Reden konnten sie wenig, denn er bekam kaum Luft. Drei Uhr in der Früh. Er war wach. Er wollte heim. Dieses Bett verlassen, in dem er sterben würde. Pia dachte an die Worte der Pfleger und dass es so kommen würde. Er wusste, dass er sterben würde. Vor einer Woche war er ins Krankenhaus gegangen, wissend, dass er nicht mehr heimkommen würde.

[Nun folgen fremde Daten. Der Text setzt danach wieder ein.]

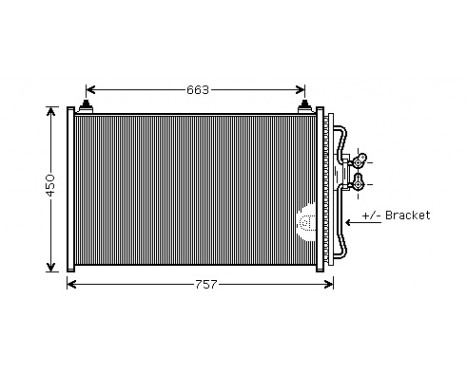 Kondensor, klimatanläggning 18005347 International Radiators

Er hatte alle anrufen lassen, alle könnten sich von ihm verabschieden.
Jetzt wollte er, dass Pia ihn anzöge. Er unterbreitete seinen Plan, wie sie das Krankenhaus ungesehen verlassen könnten. Pia rief
den Pfleger. Pia erinnerte sich, wie winzig die Seele wurde, als sie mit ihrer vierundvierzigjährigen Kinderstimme flüsterte „ich hab Dich lieb“, seine Augen lächelten und er röchelte „ich Dich auch“.
Der Pfleger hatte den Raum verlassen und nun betrat der Tod die Bühne. Der Sensenmann. Pia spürte ihn, der Tod kam, bereit ihn zu holen. Der Vater bereit mit ihm zu gehen. Pia fühlte sich winzig. Sie verspürte die Erleichterung, dass es nicht sie betraf. Sie durfte leben. Gleichzeitig schämte sie sich dafür. Aber der Vater wartete. Er wartete auf sie, seine Frau. Die, die zu Hause saß. Die, die nicht seine Hand hielt. Also ging der Moment vorüber.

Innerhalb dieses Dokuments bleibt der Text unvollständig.